Midria cita a poeta Carolina Maria de Jesus em vários momentos da conversa com Ecoa. "É importante olhar para ela e entender que estamos de maneira atemporal presentes com nossas palavras, com nossas escritas, produzindo outras formas de existência e de afetação no mundo", diz.

A consciência da urgência veio ainda no colégio, quando percebeu a disparidade entre o que lia e o que acontecia ao seu redor. "A gente está morrendo, tem gente com fome. Carolina Maria de Jesus já falava disso. Quando fiz a transição capilar sofri vários episódios de violência em casa e na rua e quis escrever sobre isso. Também é poesia falar sobre o que está próximo de mim".
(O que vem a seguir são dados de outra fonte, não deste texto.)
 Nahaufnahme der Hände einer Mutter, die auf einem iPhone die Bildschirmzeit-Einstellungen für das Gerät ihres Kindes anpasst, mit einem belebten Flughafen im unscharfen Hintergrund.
Midria acha que se Carolina estivesse viva hoje, seria aquela mulher respeitada nos saraus. "Todos parariam para escutar: agora Carolina vai mandar os poemas dela. Ela tinha voz, mas não tinha plataforma para ter escuta e, mesmo quando publicou livros por grandes editoras, não teve o reconhecimento que deveria ter".

Menina sem cor

O poema que calou a praça em Paraty na Flip trata do colorismo. A poeta afirma nos versos que não era considerada negra e sim chamada de parda, o que deixava sua consciência racial bamba.

"O colorismo é um tema gigante, compreende muitas questões, muitas problemáticas. É o mecanismo do racismo relacionado a eugenia para apagar as raízes. Acho importante falar desse tema espinhoso porque há muitas pessoas que não se consideram negras, os negros de pele clara. Quero que essas pessoas possam se ver ali e se reconstruir. Quantas meninas negras que alisavam o cabelo e não se consideravam negras passam a entender isso?", pergunta.

Ela se formou na USP em 2022, e lá deixou sua marca no Slam Usperifa, que organizou com dois amigos: "O Usperifa é um lugar de cultura, de estudantes negros, indígenas... pessoas que estão lá para ouvir, aprender e se colocar em lugar de escuta. Racismo não é só história das pessoas pretas, também é história das pessoas brancas que se eximem".

Na Flip, Midria lançou o livro "Cartas de amor para mulheres negras". Vem uma nova obra em 2023, pela editora Record. Nos planos também está continuar falando com alunos e professores de escolas públicas sobre questões de gênero, direito à cidade, e cultura periféricas, e fomentar saraus e oficinas. "Só falta tempo para fazer tudo isso".